EXERCISE:
Without the images, repeat every line of the listing exactly.

DATA EXTRACT:
══════
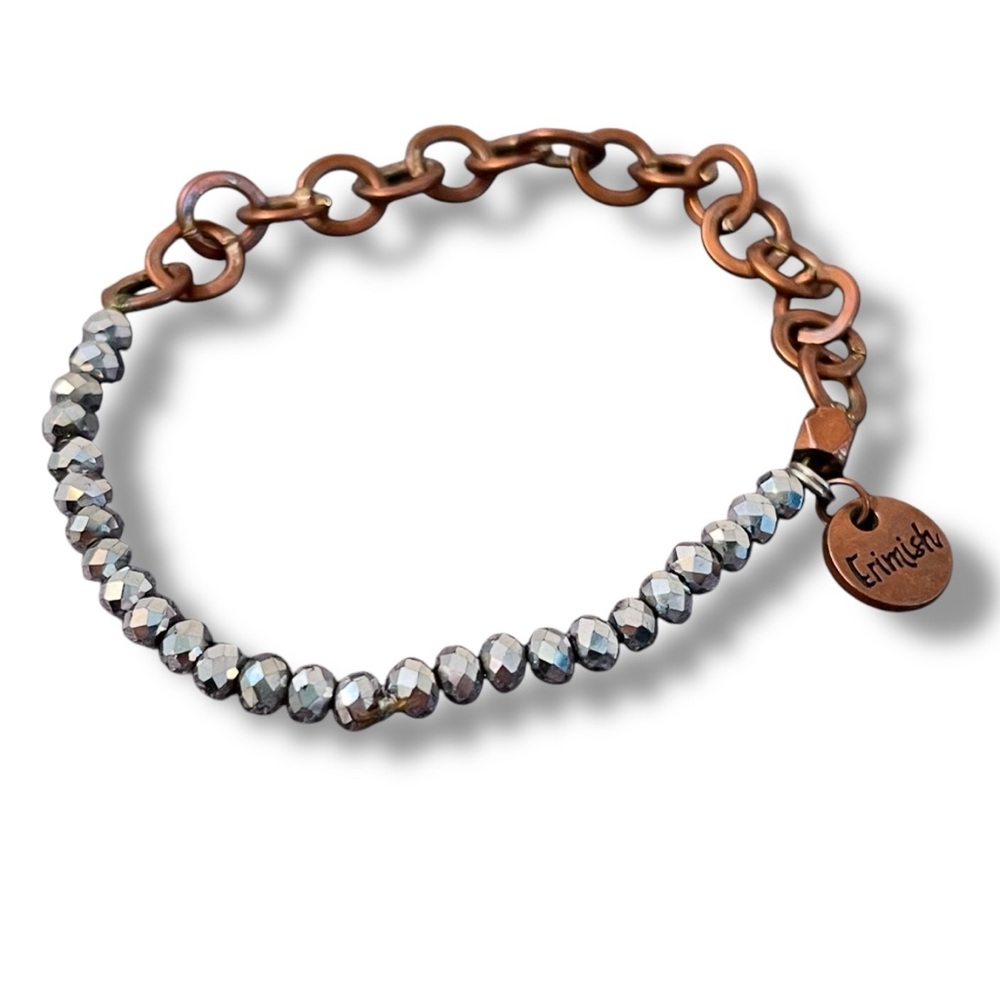 ❤️ Erimish Copper Link Beaded Charm Bracelet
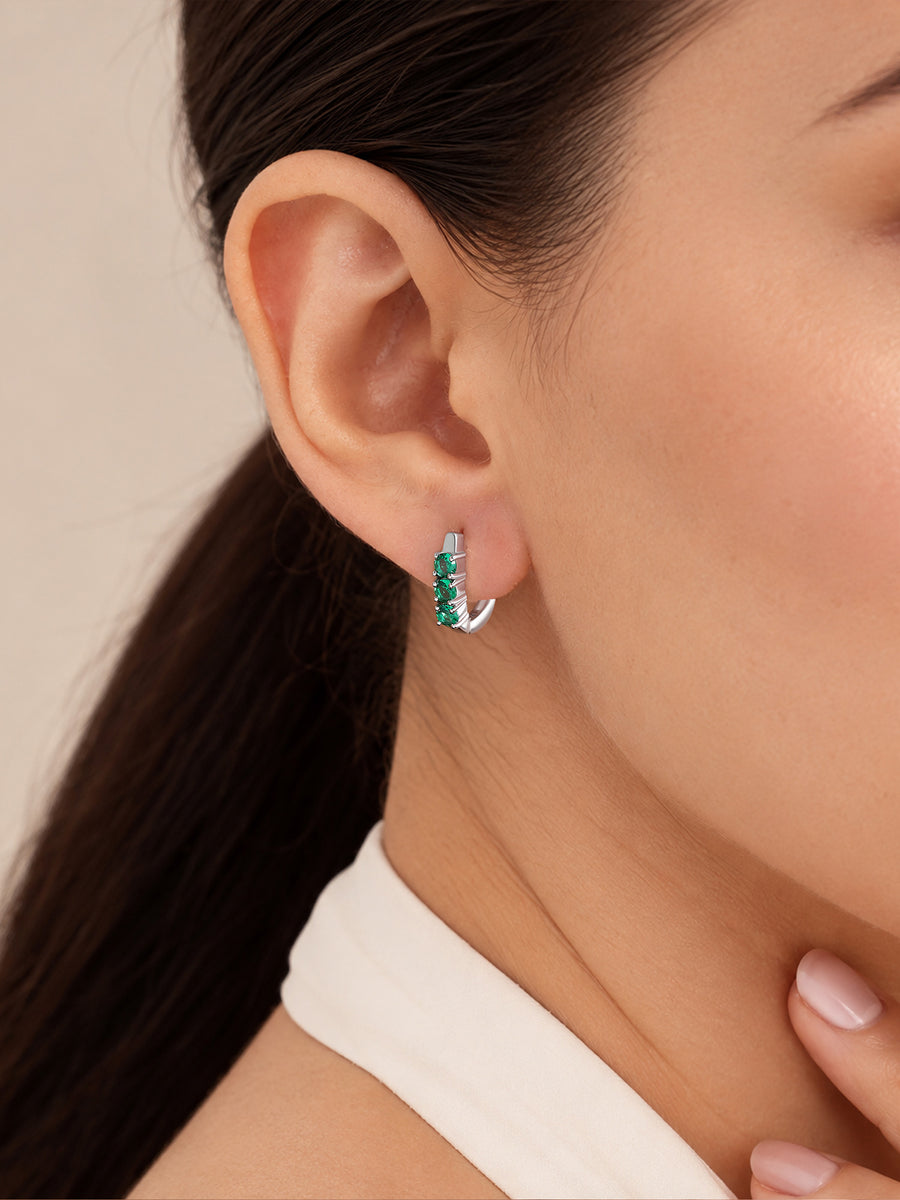Silver Green Emerald CZ Four Stone Huggie Earrings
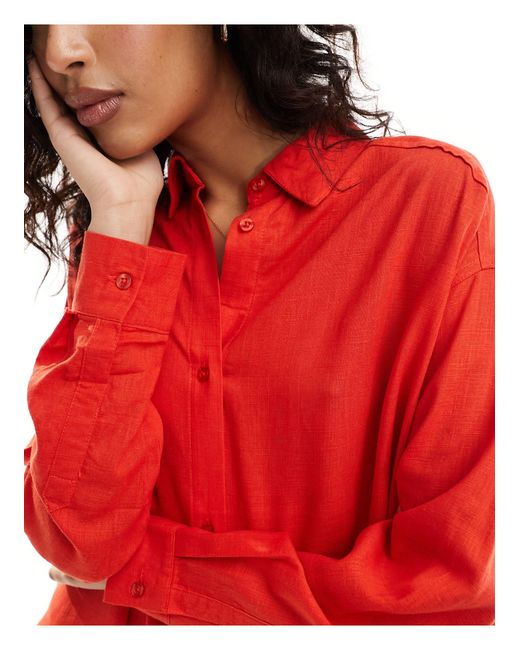 ASOS Red Relaxed Shirt With Linen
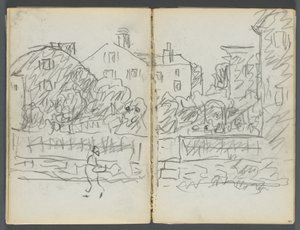 Schetsboek, De Dells, nr. 127, pagina 094  95: Dorpsstraat door Maurice Prendergast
══════
RESULT OF THE TASK:
 ❤️ Erimish Copper Link Beaded Charm Bracelet
Silver Green Emerald CZ Four Stone Huggie Earrings
 ASOS Red Relaxed Shirt With Linen
 Schetsboek, De Dells, nr. 127, pagina 094  95: Dorpsstraat door Maurice Prendergast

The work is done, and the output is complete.